The records Start Marker

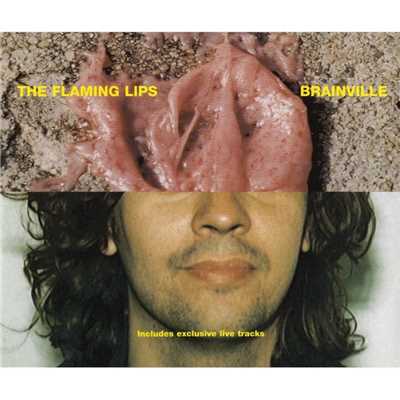 Brainville [Maxi-Single With Two Live Tracks]/The Flaming Lips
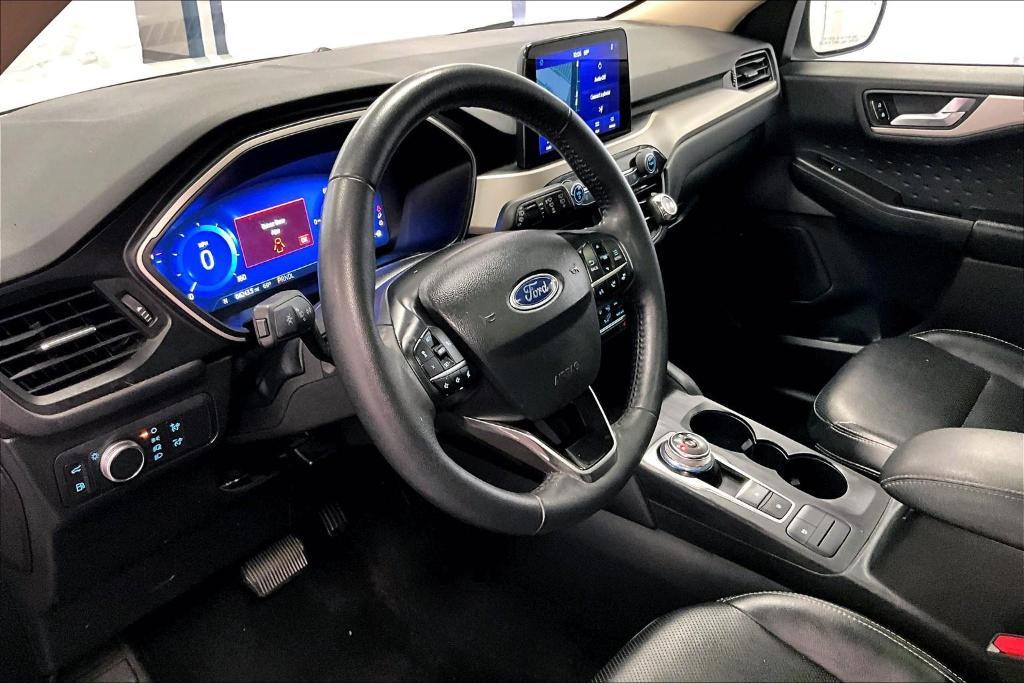used 2020 Ford Escape car, priced at $19,500
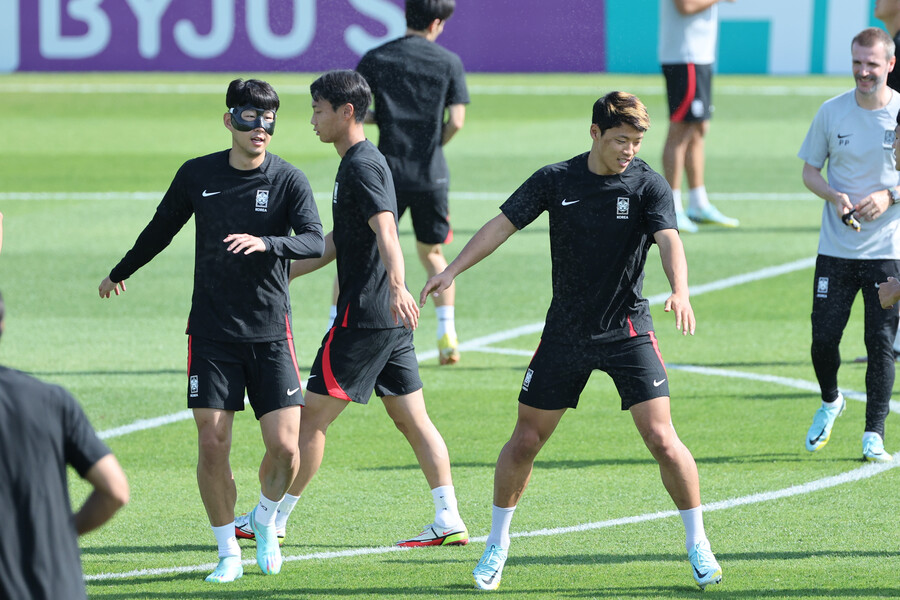 [월드컵]브라질이 뭐라고…벤투호, 자신감+투쟁심 충전 완료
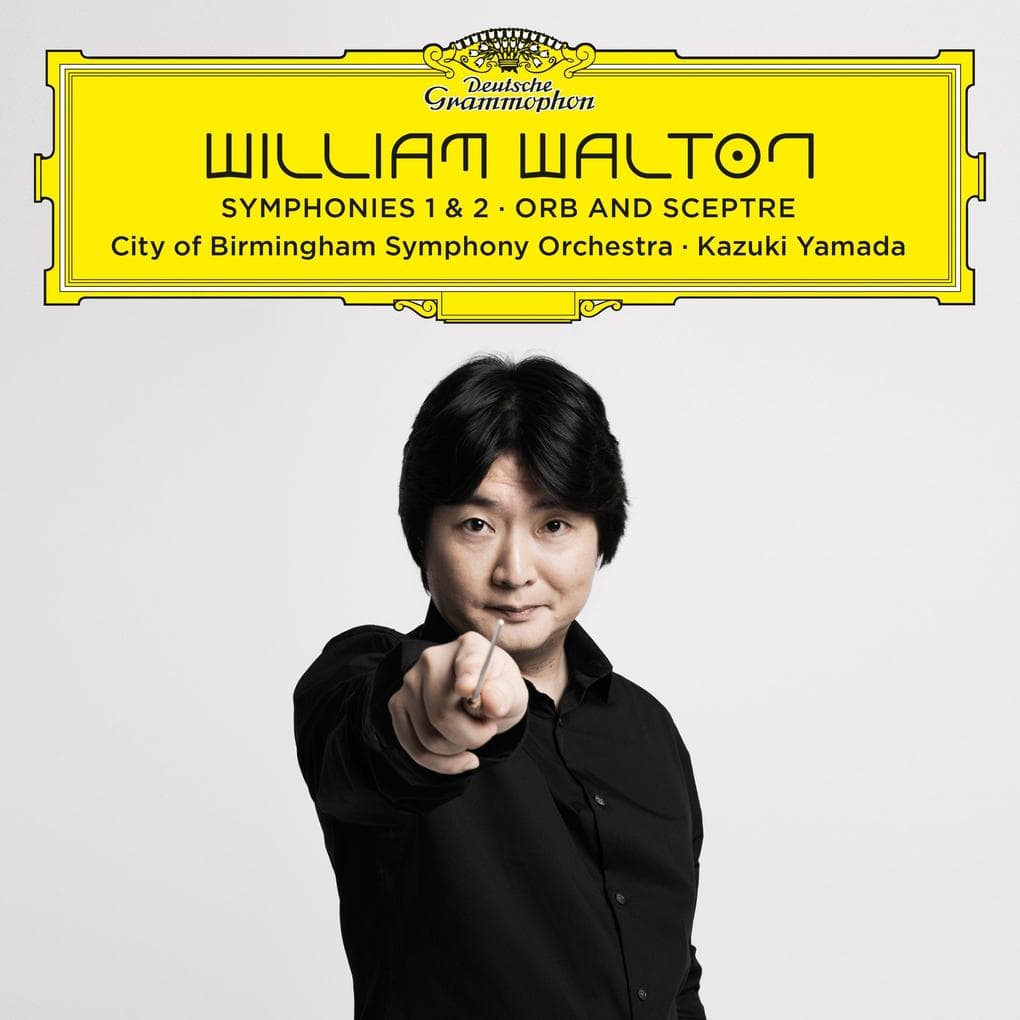 William Walton: Symphonies 1 & 2 / Orb and Sceptre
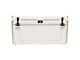 Apex Cooler System A75 Cooler with Hitch Rack Mount; White (Universal; Some Adaptation May Be Required)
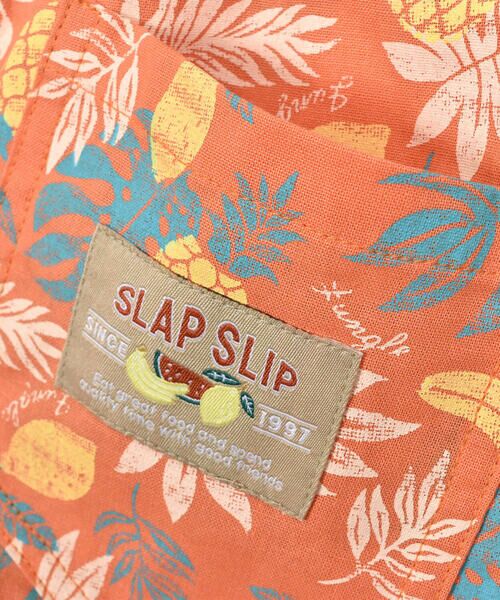 SLAP SLIP / スラップ スリップ ショート・ハーフ・半端丈パンツ | 【お揃い】綿麻フルーツ柄5.5分丈パンツ(80~130cm) | 詳細15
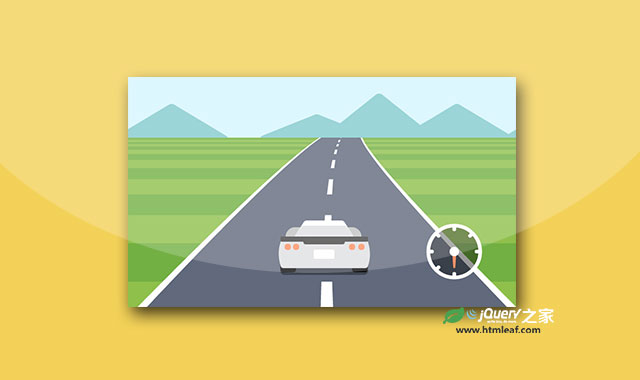 HTML5 Canvas 经典赛车小游戏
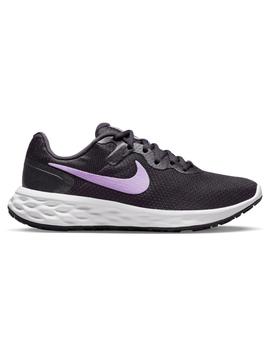 Zapatillas Nike Revolution 6 Next Nture Mujer Morado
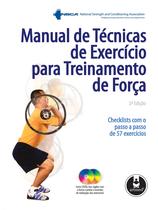 Livro - Manual de Técnicas de Exercício para Treinamento de Força
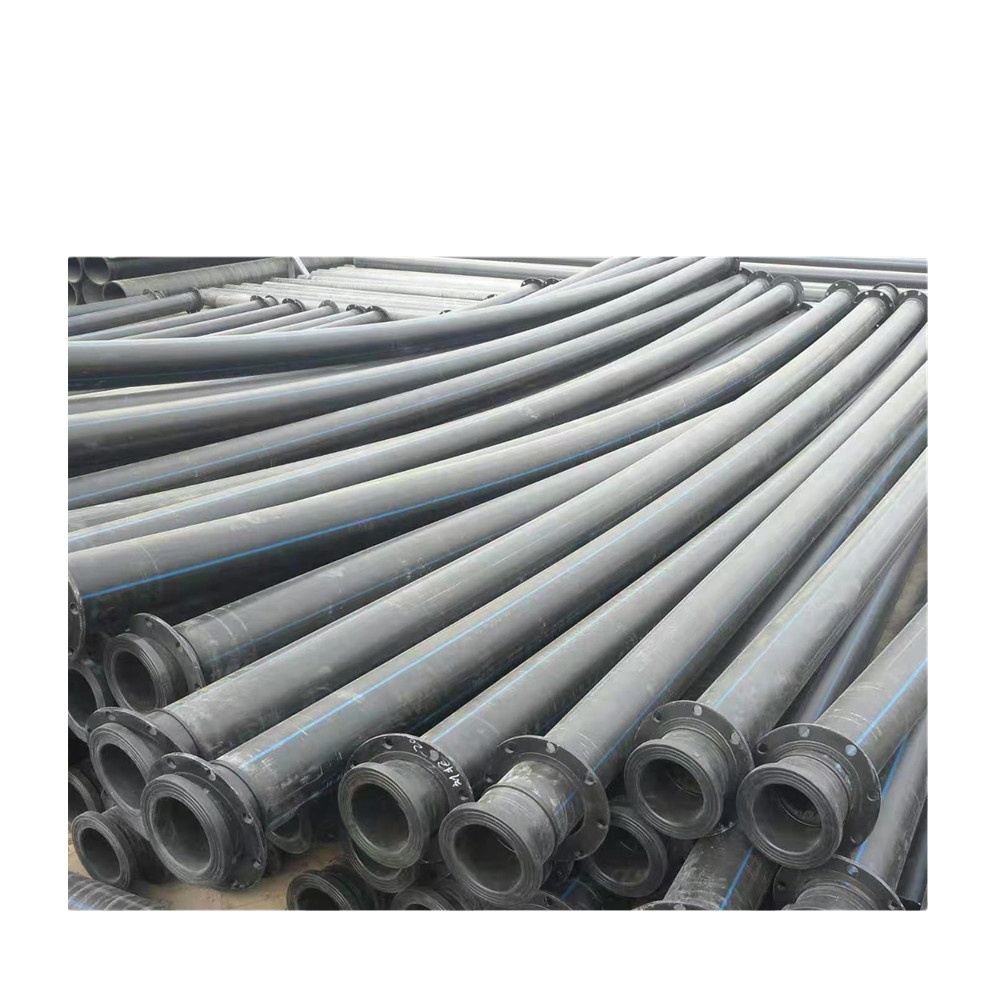 10 дюймов hdpe земснаряд с роторным разрыхлителем (б/у) в море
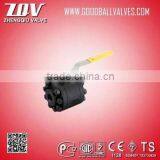 API 6D High Pressure 6000 Psi Forged Steel Ball Valve for Petroleum thumbnail-5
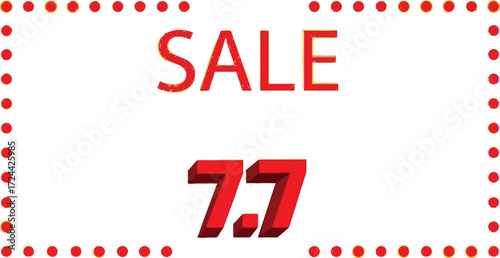 Don't miss out on this vibrant 7.7 sale event for shopping day with amazing deals and discounts, so come shop now for big savings on everything!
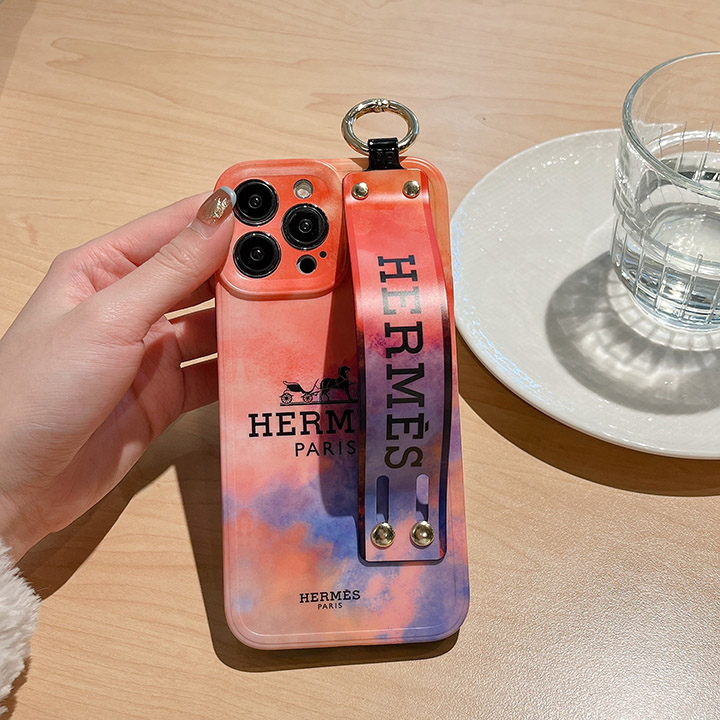 hermes iphone15プロカバーシリコン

The records End Marker

## Problem description
Transcribe the data exactly, minus any images.

## Solution for this task
 Brainville [Maxi-Single With Two Live Tracks]/The Flaming Lips
used 2020 Ford Escape car, priced at $19,500
 [월드컵]브라질이 뭐라고…벤투호, 자신감+투쟁심 충전 완료
 William Walton: Symphonies 1 & 2 / Orb and Sceptre
 Apex Cooler System A75 Cooler with Hitch Rack Mount; White (Universal; Some Adaptation May Be Required)
 SLAP SLIP / スラップ スリップ ショート・ハーフ・半端丈パンツ | 【お揃い】綿麻フルーツ柄5.5分丈パンツ(80~130cm) | 詳細15
 HTML5 Canvas 经典赛车小游戏
 Zapatillas Nike Revolution 6 Next Nture Mujer Morado
 Livro - Manual de Técnicas de Exercício para Treinamento de Força
 10 дюймов hdpe земснаряд с роторным разрыхлителем (б/у) в море
 API 6D High Pressure 6000 Psi Forged Steel Ball Valve for Petroleum thumbnail-5
 Don't miss out on this vibrant 7.7 sale event for shopping day with amazing deals and discounts, so come shop now for big savings on everything!
 hermes iphone15プロカバーシリコン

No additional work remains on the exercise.